◆ WHAT YOU SHOULD DO:
Repeat the lines from the one containing "Communication, leadership, teamwork, emotional" through the end of the listing exactly, both ends included. Do not carry over any pictures.

◆ MATERIAL PROVIDED:
<<<<

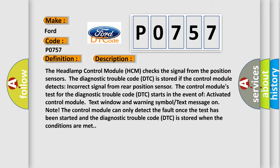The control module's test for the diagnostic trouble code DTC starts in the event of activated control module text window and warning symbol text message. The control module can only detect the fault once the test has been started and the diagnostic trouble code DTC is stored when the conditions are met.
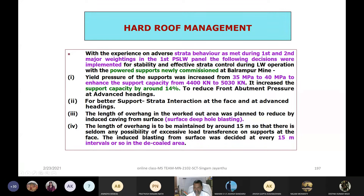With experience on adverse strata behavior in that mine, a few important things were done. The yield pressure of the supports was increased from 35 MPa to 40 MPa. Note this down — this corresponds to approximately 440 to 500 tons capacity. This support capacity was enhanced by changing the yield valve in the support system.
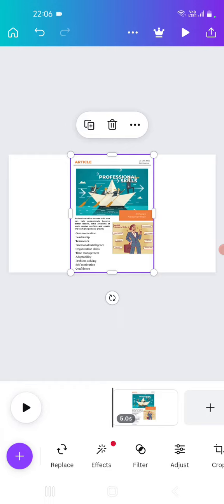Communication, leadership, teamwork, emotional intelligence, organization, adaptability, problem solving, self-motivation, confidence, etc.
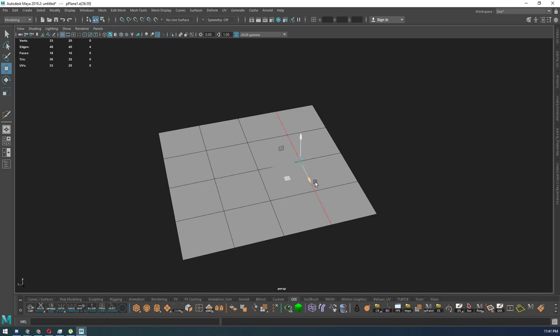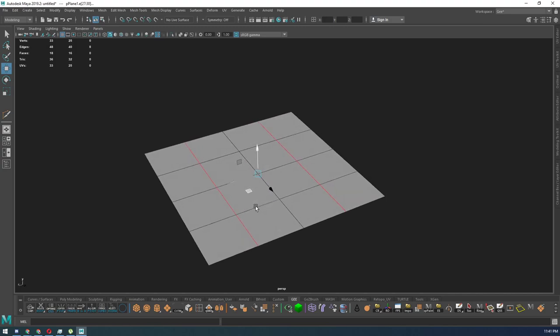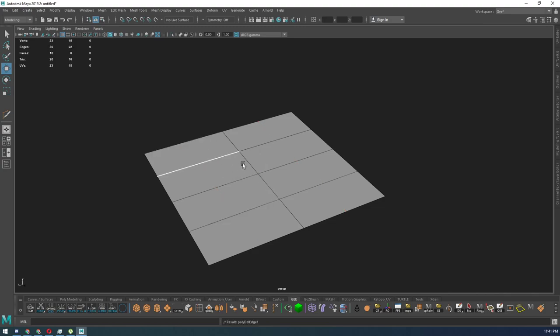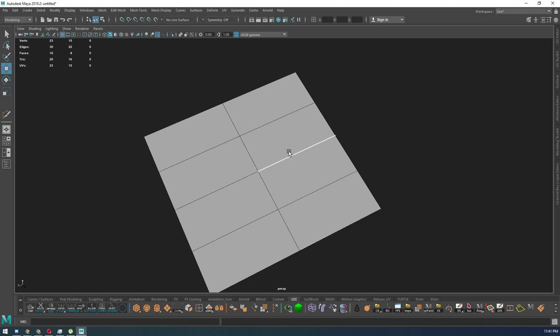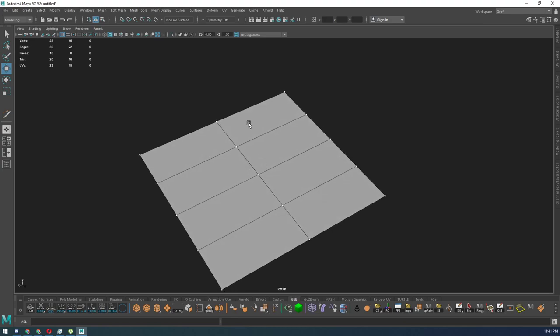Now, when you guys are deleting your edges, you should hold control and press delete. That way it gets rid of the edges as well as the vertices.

>>>>

◆ RESULT BELOW:
Communication, leadership, teamwork, emotional intelligence, organization, adaptability, problem solving, self-motivation, confidence, etc.
Now, when you guys are deleting your edges, you should hold control and press delete. That way it gets rid of the edges as well as the vertices.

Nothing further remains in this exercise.